- _DATA LISTING_:
------
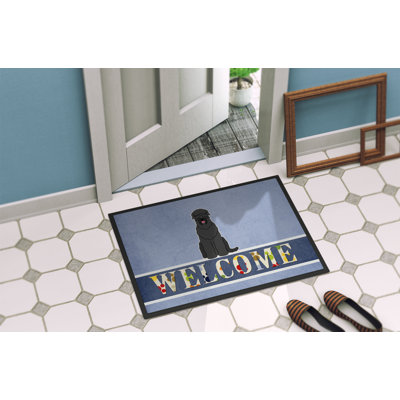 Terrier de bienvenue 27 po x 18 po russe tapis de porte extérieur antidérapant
------
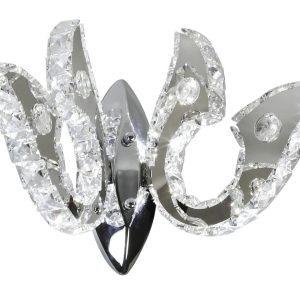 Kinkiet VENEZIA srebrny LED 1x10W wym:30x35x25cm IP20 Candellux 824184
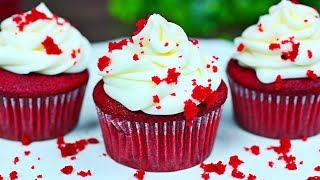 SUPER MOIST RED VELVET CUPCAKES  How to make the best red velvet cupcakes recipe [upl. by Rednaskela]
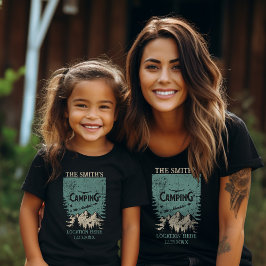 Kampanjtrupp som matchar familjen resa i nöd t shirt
------
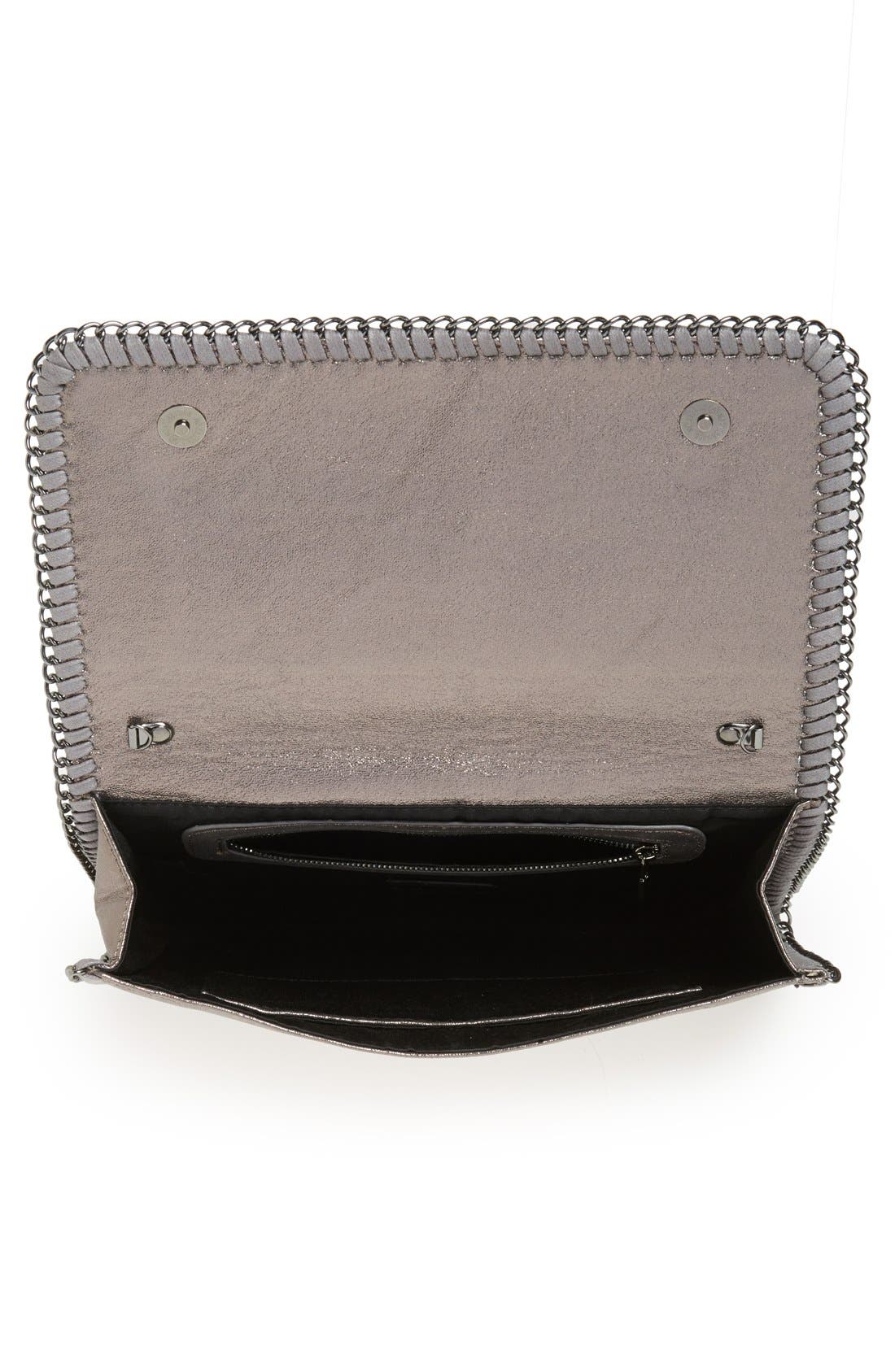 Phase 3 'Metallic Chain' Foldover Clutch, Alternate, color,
------
- _YOUR TASK_: The material above holds pictures; leave them out. Repeat exactly the lines from the one containing "SUPER MOIST RED" through the one containing "Kampanjtrupp som matchar", and nothing else.

- _OUTPUT OF THE TASK_:
 SUPER MOIST RED VELVET CUPCAKES  How to make the best red velvet cupcakes recipe [upl. by Rednaskela]
 Kampanjtrupp som matchar familjen resa i nöd t shirt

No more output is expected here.